Incidents/20190321-acmechief

From Wikitech

Summary

After upgrading to acme-chief 0.14 and restarting uwsgi-acme-chief service in acmechief1001, acme-chief-api wrongly signaled to puppet the /etc/acmecerts files as directories.. effectively wiping the TLS certs used by the services whose certificates are managed by acme-chief.

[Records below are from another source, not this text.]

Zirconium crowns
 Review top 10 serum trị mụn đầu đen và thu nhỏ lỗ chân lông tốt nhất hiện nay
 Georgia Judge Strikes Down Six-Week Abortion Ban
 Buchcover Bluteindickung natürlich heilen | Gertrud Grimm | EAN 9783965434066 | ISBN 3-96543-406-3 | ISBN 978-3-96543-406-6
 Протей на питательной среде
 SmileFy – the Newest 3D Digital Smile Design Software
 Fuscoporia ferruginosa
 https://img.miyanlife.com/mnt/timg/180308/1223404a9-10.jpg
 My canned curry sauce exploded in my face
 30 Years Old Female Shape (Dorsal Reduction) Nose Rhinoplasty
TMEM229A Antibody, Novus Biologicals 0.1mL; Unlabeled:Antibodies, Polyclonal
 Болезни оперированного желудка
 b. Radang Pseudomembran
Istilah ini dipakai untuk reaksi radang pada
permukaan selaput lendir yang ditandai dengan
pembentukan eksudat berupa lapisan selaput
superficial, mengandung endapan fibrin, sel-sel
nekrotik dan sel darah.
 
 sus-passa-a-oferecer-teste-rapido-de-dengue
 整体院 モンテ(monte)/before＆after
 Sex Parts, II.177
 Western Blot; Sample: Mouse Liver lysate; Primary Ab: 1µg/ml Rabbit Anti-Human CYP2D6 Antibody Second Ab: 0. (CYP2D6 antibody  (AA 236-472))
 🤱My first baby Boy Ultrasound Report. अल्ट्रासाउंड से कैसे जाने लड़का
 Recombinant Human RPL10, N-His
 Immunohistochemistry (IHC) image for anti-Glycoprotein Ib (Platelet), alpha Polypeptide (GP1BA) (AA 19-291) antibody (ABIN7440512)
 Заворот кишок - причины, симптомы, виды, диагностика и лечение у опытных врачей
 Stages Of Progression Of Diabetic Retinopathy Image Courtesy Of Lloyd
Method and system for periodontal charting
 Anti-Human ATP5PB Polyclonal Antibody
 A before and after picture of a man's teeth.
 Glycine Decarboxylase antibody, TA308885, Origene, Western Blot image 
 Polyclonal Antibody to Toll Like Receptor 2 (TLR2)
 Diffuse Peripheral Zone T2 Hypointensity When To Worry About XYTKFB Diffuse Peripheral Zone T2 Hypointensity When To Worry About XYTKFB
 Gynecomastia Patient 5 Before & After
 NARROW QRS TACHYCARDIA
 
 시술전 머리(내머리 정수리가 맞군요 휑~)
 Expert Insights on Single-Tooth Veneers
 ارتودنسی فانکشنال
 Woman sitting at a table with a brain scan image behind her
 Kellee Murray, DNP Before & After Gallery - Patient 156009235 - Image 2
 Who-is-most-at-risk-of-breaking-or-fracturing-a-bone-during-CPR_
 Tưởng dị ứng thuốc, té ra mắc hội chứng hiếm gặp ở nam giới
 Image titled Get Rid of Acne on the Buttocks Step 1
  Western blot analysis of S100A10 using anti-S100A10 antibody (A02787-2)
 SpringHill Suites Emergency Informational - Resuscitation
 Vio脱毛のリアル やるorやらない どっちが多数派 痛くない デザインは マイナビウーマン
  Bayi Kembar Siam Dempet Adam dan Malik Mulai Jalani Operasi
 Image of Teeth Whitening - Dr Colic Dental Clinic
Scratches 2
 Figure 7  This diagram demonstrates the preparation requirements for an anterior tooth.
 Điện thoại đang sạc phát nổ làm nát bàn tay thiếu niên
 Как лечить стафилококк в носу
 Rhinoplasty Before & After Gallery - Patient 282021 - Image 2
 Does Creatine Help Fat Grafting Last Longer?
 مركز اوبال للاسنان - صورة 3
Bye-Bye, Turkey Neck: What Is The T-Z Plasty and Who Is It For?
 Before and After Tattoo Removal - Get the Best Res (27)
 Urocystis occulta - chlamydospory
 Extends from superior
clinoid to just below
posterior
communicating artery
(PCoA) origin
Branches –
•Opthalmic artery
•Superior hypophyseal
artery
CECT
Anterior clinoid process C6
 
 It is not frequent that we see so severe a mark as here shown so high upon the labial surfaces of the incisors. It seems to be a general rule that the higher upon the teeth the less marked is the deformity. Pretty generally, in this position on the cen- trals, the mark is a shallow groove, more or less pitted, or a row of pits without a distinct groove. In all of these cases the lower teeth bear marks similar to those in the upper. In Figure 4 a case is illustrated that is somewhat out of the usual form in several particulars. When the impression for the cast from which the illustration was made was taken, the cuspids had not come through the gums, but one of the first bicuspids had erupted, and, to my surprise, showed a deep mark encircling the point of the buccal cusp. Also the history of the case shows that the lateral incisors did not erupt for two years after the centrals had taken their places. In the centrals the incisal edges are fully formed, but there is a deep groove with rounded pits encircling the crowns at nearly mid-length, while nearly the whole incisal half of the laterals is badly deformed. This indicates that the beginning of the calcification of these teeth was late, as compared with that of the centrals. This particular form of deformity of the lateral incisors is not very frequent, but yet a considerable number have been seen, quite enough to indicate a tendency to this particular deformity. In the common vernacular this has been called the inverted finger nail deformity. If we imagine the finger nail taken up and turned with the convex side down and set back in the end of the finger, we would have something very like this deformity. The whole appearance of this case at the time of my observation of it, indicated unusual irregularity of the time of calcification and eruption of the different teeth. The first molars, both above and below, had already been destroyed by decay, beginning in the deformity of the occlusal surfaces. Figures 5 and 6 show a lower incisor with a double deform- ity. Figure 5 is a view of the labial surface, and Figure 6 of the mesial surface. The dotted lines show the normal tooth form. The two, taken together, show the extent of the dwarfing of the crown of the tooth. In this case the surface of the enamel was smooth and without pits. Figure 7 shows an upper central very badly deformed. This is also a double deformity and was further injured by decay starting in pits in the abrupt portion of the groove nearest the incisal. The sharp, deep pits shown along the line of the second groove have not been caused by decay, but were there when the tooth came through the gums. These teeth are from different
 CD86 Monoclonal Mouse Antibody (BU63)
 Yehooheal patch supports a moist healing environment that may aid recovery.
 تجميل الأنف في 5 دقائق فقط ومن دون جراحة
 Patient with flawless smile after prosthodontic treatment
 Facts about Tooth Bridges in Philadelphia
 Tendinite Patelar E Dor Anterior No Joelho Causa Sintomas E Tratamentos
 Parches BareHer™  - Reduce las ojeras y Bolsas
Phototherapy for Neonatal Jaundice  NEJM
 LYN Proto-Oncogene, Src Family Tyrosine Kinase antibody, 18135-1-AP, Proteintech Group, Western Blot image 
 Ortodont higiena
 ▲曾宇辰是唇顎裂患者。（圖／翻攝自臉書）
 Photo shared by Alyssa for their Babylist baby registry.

The issue in acme-chief API is solved by https://gerrit.wikimedia.org/r/c/operations/software/acme-chief/+/498046

Timeline

All times are in UTC

  • 08:54 uwsgi-acme-chief is restarted in acmechief1001 making effective the acme-chief upgrade to 0.14.
  • 08:58 slapd crashes in seaborgium after puppet runs and destroys the TLS files in /etc/acmecerts
  • 09:09 toolschecker pages CRITICAL for Test LDAP on checker.tools.wmflabs.org
  • 09:13 acme-chief downgraded to 0.12 and uwsgi-acme-chief restarted

Affected servers

The following servers have been affected by this issue:

  • sodium.wikimedia.org
  • seaborgium.wikimedia.org
  • cobalt.wikimedia.org
  • gerrit2001.wikimedia.org
  • netmon2001.wikimedia.org
  • netmon1002.wikimedia.org
  • mx1001.wikimedia.org
  • mx2001.wikimedia.org
  • ldap-eqiad-replica01.wikimedia.org
  • ldap-eqiad-replica02.wikimedia.org
  • fermium.wikimedia.org
  • dbmonitor1001.wikimedia.org
  • dbmonitor2001.wikimedia.org